GIVEN DATA Start Marker
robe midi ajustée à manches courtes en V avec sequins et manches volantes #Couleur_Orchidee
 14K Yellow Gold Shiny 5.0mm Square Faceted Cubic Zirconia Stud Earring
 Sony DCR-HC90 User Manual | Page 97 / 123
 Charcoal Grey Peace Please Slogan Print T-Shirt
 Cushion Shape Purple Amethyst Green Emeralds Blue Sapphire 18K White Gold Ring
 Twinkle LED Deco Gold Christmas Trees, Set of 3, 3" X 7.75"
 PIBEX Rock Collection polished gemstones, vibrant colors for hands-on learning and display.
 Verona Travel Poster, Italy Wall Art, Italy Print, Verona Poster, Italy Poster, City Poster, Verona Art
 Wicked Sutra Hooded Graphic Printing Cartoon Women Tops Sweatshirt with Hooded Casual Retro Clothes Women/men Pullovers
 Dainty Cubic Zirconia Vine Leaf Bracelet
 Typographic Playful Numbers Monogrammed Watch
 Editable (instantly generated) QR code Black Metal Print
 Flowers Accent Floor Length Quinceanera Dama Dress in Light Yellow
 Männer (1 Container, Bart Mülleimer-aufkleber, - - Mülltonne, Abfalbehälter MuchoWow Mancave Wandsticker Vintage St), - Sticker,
GIVEN DATA End Marker
EXERCISE PROMPT
All lines in the data above from the one with "Wicked Sutra Hooded" through the one with "Typographic Playful Numbers" must be repeated exactly, and no others.

EXPECTED ANSWER
 Wicked Sutra Hooded Graphic Printing Cartoon Women Tops Sweatshirt with Hooded Casual Retro Clothes Women/men Pullovers
 Dainty Cubic Zirconia Vine Leaf Bracelet
 Typographic Playful Numbers Monogrammed Watch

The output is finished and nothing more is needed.